Two backends are available, both passed via the arena argument of run_pipeline_in_subprocess():

  • SharedMemorySegmentPool — the consumer restores a zero-copy view that points directly at the shared memory, so it does essentially no per-item work. The pool blocks the producer when all segments are in use, so a slow consumer simply throttles the producer rather than overflowing. This is the recommended backend.

  • SharedMemoryRingBuffer — the consumer copies each payload out of the ring into a private buffer (so it never hands out a live view into shared memory). This is still far cheaper than pickling, but the ring is non-blocking: if it is too small for the number of in-flight items it raises shared-memory arena full. Size its capacity for the in-flight high-water mark (roughly (buffer_size + 2) × max_item_bytes).

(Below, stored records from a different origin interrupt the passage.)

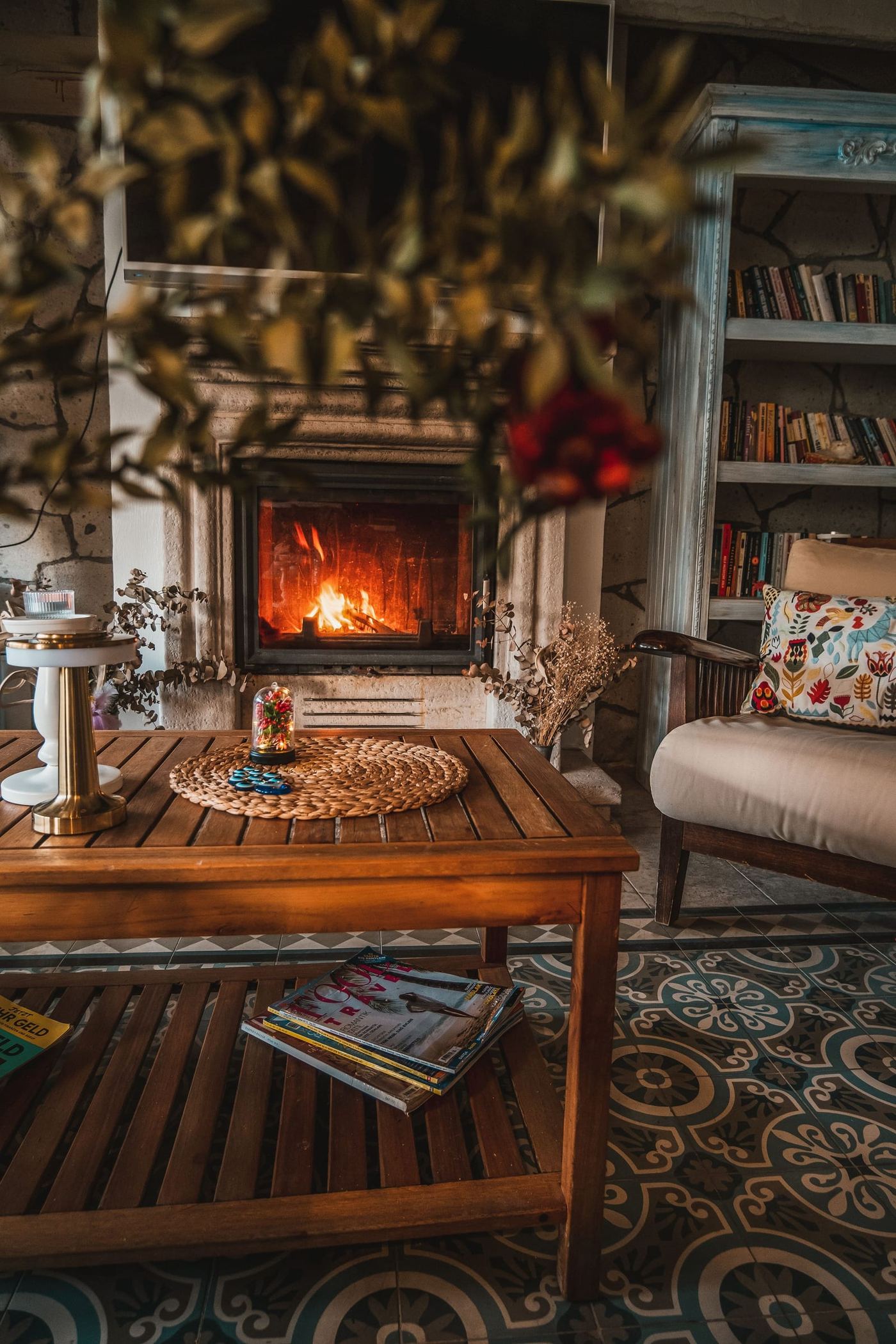 A fire lit in the sitting room fireplace, a low table and an armchair before it.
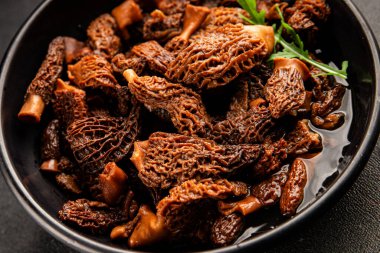 Morels mantarları doğal mantarları sağlıklı yiyecekleri aperatifleri taze lezzetli gurme yemek arka planlarını masadaki rustik yiyecekleri fotokopi alanı keto ve paleo diyeti vejetaryen ve vejetaryen yemekleri.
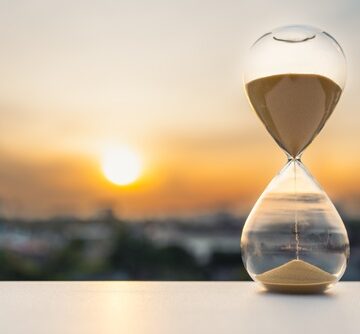 Hourglass,On,Table,At,Sunset,With,Blurred,City,Background,Symbolizing THE VANISHING VILLAGE – MEMORY, ELDERS, AND THE DEATH OF CONSEQUENCE (Part II)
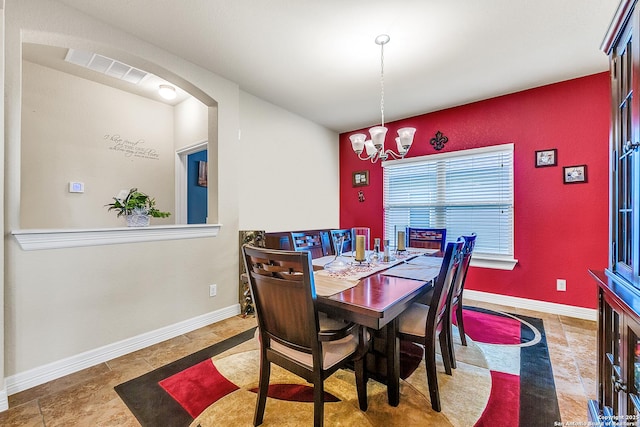 dining space featuring a notable chandelier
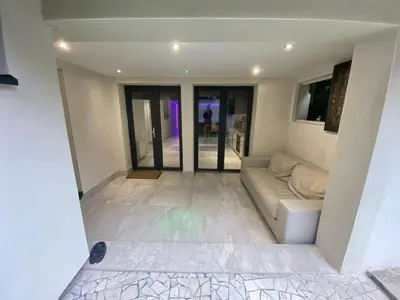 Un ou plusieurs lits dans un hébergement de l'établissement Appartement Lyon dans maison calme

from spdl.pipeline import SharedMemorySegmentPool, run_pipeline_in_subprocess

# segment_size: the largest single item; count: a few in-flight units.
arena = SharedMemorySegmentPool(segment_size=64 << 20, count=8)

source = run_pipeline_in_subprocess(
    backend.get_config(), num_threads=num_threads, arena=arena
)

Effect on CPU, throughput, and memory

The benchmark_arena_transport example ships a fixed dataset from a subprocess to the main process over the three transports — plain IPC (no arena), the ring buffer, and the segment pool — and measures, per configuration, the receive throughput, the CPU time spent, and the peak resident memory.

The figure below summarizes a run on a CPU-only host (one row per payload type; columns are throughput, CPU, and peak memory; bars compare the three transports):

../_images/example_benchmark_arena_transport.png

The pattern is consistent across payload types:

  • CPU — the segment pool spends close to zero CPU moving a payload, while plain IPC spends several CPU-seconds per configuration at 32 MiB pickling and copying. This is the property that matters most for training: it returns host CPU to the budget.

  • Throughput — the arena also moves data faster, and the gap widens with payload size (largest for bytes and NumPy arrays).

  • Peak memory — for bytes / NumPy / packets the transient pickle buffers of plain IPC are the heaviest; the pool’s fixed shared region is the lightest.

Torch tensors are a special case: torch’s own multiprocessing reducer already moves a tensor’s storage through shared memory, so plain IPC does not pay a bulk copy for them — the arena’s CPU win is therefore smallest for tensors (though the pool still drops their transfer CPU to ~0).

Relation to the noisy neighbour

The arena does not make the data more available — that is what buffering and concurrency tuning are for. What it does is make the transfer cheaper in CPU. Because the host CPU is the shared resource that launches GPU kernels, every CPU-second the arena saves on IPC is a CPU-second available for timely kernel launches. In other words, the arena attacks the noisy neighbour from the supply side: it lets a subprocess pipeline move large payloads while consuming far less of the CPU budget that the training loop depends on.

When to use it

  • Use an arena when an MTP pipeline moves large payloads per item (≳ 1 MiB): decoded tensors, large arrays, raw bytes, or demuxed packets.

  • Prefer SharedMemorySegmentPool (zero-copy, blocking). Use SharedMemoryRingBuffer when a copy-out is acceptable, and size it for the in-flight high-water mark.

  • For small payloads the transfer CPU is already negligible, so the arena adds complexity without benefit — skip it.